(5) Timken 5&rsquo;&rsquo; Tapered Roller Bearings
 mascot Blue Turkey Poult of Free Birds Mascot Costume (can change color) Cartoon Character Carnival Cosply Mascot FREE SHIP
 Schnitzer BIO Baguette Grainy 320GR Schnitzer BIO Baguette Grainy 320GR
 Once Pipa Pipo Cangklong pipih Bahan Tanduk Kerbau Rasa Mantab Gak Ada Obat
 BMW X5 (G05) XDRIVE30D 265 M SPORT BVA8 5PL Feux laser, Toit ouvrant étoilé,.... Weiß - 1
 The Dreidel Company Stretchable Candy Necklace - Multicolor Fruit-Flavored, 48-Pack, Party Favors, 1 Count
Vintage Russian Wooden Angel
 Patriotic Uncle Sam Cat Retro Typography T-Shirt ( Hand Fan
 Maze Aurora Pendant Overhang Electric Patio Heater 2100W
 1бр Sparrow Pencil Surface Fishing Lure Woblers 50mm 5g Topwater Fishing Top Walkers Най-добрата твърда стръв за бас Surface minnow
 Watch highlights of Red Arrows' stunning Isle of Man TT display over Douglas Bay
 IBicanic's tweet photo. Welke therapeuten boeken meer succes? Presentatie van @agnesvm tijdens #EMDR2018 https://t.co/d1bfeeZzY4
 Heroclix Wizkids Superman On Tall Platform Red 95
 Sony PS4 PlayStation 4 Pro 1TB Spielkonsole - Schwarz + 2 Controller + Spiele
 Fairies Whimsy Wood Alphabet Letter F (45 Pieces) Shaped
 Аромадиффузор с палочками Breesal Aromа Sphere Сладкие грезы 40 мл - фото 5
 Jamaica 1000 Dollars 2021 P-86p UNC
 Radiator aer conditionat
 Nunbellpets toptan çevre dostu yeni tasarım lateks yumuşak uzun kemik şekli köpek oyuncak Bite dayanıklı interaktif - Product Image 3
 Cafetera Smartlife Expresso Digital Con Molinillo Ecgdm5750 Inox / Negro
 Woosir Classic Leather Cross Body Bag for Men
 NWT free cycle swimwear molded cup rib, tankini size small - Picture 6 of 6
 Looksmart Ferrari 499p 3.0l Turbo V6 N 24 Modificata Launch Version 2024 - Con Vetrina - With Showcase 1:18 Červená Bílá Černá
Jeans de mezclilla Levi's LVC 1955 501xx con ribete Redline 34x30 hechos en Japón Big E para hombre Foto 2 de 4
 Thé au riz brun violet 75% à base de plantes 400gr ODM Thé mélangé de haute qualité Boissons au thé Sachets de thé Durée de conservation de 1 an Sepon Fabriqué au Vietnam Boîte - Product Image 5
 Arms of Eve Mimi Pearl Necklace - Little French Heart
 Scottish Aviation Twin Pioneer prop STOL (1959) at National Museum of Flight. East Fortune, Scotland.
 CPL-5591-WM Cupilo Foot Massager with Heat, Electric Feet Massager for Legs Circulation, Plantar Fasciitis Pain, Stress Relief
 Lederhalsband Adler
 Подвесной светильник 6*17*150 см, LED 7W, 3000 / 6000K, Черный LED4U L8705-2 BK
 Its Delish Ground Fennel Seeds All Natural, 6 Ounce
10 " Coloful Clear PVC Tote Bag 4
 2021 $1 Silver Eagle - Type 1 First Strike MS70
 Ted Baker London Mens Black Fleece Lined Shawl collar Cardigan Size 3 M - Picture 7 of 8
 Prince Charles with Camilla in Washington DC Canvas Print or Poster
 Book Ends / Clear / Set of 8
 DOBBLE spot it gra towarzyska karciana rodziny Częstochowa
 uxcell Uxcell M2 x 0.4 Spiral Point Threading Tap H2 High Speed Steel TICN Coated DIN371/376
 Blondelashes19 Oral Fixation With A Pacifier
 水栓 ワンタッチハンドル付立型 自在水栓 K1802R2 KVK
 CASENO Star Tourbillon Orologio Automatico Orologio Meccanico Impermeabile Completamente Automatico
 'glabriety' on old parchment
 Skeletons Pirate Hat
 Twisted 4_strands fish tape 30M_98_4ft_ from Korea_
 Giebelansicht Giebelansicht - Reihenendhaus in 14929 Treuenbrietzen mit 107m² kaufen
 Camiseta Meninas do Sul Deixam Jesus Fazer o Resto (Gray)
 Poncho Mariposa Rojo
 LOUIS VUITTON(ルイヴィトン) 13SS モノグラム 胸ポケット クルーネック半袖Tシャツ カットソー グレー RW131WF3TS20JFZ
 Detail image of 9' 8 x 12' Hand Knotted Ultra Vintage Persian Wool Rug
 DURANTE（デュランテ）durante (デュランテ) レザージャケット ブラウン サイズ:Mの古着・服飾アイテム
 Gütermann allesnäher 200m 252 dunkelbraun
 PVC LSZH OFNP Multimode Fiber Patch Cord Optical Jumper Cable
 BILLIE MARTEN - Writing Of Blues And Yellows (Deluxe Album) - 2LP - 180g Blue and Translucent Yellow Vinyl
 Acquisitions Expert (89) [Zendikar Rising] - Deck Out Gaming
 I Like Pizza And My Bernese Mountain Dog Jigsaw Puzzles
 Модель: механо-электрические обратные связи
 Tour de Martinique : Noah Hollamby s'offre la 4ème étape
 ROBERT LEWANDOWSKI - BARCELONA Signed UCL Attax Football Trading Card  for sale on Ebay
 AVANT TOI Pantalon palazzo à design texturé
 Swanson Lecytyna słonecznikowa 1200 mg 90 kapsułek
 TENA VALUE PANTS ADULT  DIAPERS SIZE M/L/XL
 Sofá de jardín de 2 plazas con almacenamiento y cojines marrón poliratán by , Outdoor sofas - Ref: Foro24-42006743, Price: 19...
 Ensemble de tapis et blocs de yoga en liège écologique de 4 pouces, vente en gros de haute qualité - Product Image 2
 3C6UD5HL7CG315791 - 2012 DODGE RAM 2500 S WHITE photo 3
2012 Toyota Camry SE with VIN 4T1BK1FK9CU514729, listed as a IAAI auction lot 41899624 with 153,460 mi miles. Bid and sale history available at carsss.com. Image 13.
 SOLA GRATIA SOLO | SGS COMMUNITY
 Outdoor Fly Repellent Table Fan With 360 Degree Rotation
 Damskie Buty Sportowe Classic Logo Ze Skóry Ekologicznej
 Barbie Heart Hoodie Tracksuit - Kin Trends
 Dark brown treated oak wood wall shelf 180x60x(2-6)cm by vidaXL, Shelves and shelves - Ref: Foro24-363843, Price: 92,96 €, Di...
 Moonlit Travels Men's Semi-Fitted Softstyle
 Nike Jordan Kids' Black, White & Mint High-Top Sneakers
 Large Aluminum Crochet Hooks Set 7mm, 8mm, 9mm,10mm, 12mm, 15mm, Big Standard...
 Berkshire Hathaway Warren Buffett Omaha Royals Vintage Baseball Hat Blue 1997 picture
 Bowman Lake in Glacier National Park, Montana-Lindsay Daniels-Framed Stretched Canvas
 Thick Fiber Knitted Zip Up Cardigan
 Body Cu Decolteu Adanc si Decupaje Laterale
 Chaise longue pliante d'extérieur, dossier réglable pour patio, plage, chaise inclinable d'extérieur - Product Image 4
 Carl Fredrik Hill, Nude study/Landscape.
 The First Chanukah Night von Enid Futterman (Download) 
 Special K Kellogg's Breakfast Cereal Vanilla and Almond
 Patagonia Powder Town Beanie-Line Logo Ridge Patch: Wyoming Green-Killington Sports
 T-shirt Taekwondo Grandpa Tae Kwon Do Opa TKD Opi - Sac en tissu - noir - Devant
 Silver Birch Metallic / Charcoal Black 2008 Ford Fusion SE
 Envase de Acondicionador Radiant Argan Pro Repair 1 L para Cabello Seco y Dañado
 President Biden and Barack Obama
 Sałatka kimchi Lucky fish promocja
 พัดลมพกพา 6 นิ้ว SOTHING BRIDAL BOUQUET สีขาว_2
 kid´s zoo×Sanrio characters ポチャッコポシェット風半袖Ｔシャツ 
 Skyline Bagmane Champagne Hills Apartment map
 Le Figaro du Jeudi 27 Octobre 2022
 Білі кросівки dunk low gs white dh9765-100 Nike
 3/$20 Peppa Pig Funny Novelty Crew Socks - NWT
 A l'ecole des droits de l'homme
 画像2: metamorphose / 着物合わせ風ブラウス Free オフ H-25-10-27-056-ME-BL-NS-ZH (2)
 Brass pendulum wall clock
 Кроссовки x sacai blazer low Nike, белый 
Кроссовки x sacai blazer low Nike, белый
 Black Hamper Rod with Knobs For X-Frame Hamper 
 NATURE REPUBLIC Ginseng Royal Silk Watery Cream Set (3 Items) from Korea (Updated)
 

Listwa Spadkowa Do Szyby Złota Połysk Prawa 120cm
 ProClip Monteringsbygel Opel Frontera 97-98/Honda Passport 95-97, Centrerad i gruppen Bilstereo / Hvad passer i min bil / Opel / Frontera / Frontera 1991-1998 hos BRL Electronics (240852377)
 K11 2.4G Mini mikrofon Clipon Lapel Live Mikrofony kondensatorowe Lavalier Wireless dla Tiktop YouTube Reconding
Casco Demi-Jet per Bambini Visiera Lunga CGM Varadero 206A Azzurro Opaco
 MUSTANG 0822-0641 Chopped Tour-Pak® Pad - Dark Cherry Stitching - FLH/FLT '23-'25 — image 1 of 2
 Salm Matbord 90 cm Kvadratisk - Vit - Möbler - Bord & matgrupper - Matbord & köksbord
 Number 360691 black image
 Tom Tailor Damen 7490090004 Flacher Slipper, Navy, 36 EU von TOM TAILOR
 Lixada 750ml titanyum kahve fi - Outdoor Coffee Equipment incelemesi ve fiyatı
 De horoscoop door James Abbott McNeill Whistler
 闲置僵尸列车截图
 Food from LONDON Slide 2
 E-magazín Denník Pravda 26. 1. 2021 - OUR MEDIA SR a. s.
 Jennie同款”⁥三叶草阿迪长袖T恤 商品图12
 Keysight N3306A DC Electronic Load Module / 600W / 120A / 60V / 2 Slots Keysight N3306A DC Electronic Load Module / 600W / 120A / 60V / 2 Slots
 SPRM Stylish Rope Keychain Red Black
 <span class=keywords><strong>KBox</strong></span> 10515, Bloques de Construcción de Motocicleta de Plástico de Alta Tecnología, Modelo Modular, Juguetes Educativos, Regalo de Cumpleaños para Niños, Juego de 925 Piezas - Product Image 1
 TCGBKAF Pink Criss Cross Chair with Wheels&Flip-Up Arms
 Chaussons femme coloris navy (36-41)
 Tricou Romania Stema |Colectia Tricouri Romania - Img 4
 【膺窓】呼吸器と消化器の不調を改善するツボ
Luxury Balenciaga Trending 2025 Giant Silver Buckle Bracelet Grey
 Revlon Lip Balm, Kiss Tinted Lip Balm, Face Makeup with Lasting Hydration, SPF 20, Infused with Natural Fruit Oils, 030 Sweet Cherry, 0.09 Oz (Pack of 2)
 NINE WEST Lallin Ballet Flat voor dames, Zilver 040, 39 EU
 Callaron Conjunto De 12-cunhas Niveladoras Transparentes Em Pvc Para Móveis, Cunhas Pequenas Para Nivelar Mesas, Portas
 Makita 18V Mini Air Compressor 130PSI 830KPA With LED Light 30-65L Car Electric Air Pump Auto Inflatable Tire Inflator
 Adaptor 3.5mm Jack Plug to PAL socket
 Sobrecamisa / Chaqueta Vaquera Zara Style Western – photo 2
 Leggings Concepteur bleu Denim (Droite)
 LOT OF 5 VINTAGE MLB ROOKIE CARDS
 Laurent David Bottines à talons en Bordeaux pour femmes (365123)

+ + + +

Each line from the top of the records through the one with "Jeans de mezclilla" should be returned exactly. Leave out everything else.

▸ **Completed exercise**:
(5) Timken 5&rsquo;&rsquo; Tapered Roller Bearings
 mascot Blue Turkey Poult of Free Birds Mascot Costume (can change color) Cartoon Character Carnival Cosply Mascot FREE SHIP
 Schnitzer BIO Baguette Grainy 320GR Schnitzer BIO Baguette Grainy 320GR
 Once Pipa Pipo Cangklong pipih Bahan Tanduk Kerbau Rasa Mantab Gak Ada Obat
 BMW X5 (G05) XDRIVE30D 265 M SPORT BVA8 5PL Feux laser, Toit ouvrant étoilé,.... Weiß - 1
 The Dreidel Company Stretchable Candy Necklace - Multicolor Fruit-Flavored, 48-Pack, Party Favors, 1 Count
Vintage Russian Wooden Angel
 Patriotic Uncle Sam Cat Retro Typography T-Shirt ( Hand Fan
 Maze Aurora Pendant Overhang Electric Patio Heater 2100W
 1бр Sparrow Pencil Surface Fishing Lure Woblers 50mm 5g Topwater Fishing Top Walkers Най-добрата твърда стръв за бас Surface minnow
 Watch highlights of Red Arrows' stunning Isle of Man TT display over Douglas Bay
 IBicanic's tweet photo. Welke therapeuten boeken meer succes? Presentatie van @agnesvm tijdens #EMDR2018 https://t.co/d1bfeeZzY4
 Heroclix Wizkids Superman On Tall Platform Red 95
 Sony PS4 PlayStation 4 Pro 1TB Spielkonsole - Schwarz + 2 Controller + Spiele
 Fairies Whimsy Wood Alphabet Letter F (45 Pieces) Shaped
 Аромадиффузор с палочками Breesal Aromа Sphere Сладкие грезы 40 мл - фото 5
 Jamaica 1000 Dollars 2021 P-86p UNC
 Radiator aer conditionat
 Nunbellpets toptan çevre dostu yeni tasarım lateks yumuşak uzun kemik şekli köpek oyuncak Bite dayanıklı interaktif - Product Image 3
 Cafetera Smartlife Expresso Digital Con Molinillo Ecgdm5750 Inox / Negro
 Woosir Classic Leather Cross Body Bag for Men
 NWT free cycle swimwear molded cup rib, tankini size small - Picture 6 of 6
 Looksmart Ferrari 499p 3.0l Turbo V6 N 24 Modificata Launch Version 2024 - Con Vetrina - With Showcase 1:18 Červená Bílá Černá
Jeans de mezclilla Levi's LVC 1955 501xx con ribete Redline 34x30 hechos en Japón Big E para hombre Foto 2 de 4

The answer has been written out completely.